Sur les
routes de Thaïlande (1984)
"Ah la la, je vous
dis pas l'angoisse ! Je me croyais peinard, définitivement au chaud
sur mon île tropicale et puis voilà... Tout doucement, on a cessé
de transpirer sous le T-shirt, puis il a fallu mettre un blouson; une
couette est bientôt venue remplacer le drap-moustiquaire; bref, j'ai
préféré fuir avant d'avoir les doigts trop gourds pour rouler mes
tarpés.
J'ai déjà mon billet
pour Bangkok, il ne me reste plus qu'à faire provision de papier à
rouler et à sauter dans l'avion avec "Viper" pour passer
le temps (si, si, même les Chinois lisent "Viper", même
que c'est moi qui traduis). Ce mois-ci, Santi et sa bande subversive
ont déclaré la guerre à l'héroine: noble combat, mais je ne peux
pas en dire grand-chose, je n'ai jamais essayé, ou une ou deux lignes
comme ça par inadvertance. A première vue ça a l'air plutôt agréable,
mais je suis partisan de l'expérience directe. Avant de tirer des conclusions,
il faut essayer soi-même. Bon, tout le monde dit: "La poudre,
c'est pas bon." J'ai tendance à le croire aussi. Mais est-ce mauvais
pour tout le monde, à tout moment ? Ça fait un bout de temps que j'aurais
pu en prendre si j'avais voulu mais j'ai toujours pensé que c'était
du suicide. Il faut attendre d'être bien dans sa peau pour prendre
des trucs aussi puissants. En gros, je crois qu'il faut être, naturellement,
encore plus heureux que le bonheur (fugitif) procuré par la poudre.

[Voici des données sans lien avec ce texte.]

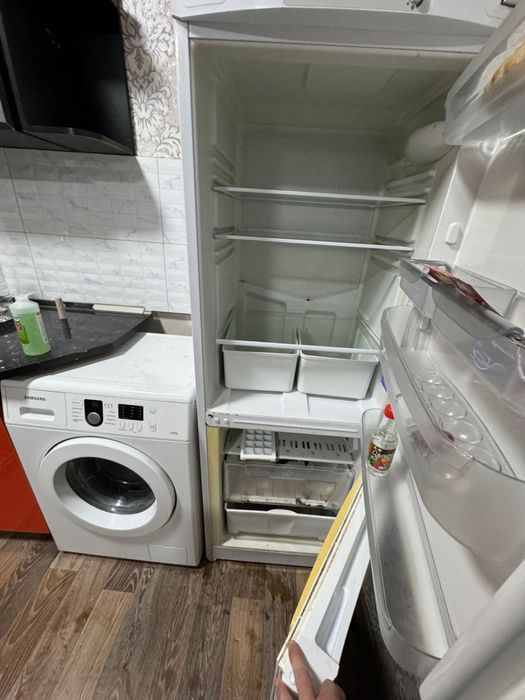 холодильник бу. НЕ РАБОЧИЙ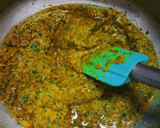 A picture of step 4 of Lehsuni Methi Paneer.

Comme ça, quand tu t'arrêtes, tu ne renonces pas au paradis, tu y
retournes!
Alors, la morosité française
ne m'encourageait pas à l'expérience; ici, par contre, j'ai une bonne
pêche depuis un bout de temps, si bien que, coincé entre le dossier
et mon plateau-repas, une idée germe. J'ai le moral, la santé et quinze
jours à perdre sous les cocotiers. Ça me parait le moment idéal pour
tenter l'expérience. j'éclate de rire en traitant un gros nuage de
"crazy man" et c'est complètement speed que j'arrive dans
le funeste aéroport de Bangkok. Toujours aussi sinistre avec ses flics
aux quatre coins. "Mes jolis cocos, me dis-je en souriant au douanier
fouilleur, que ça me laisse accroc ou pas, il n'y a pas de danger que
vous trouviez quelque chose sur moi au retour!"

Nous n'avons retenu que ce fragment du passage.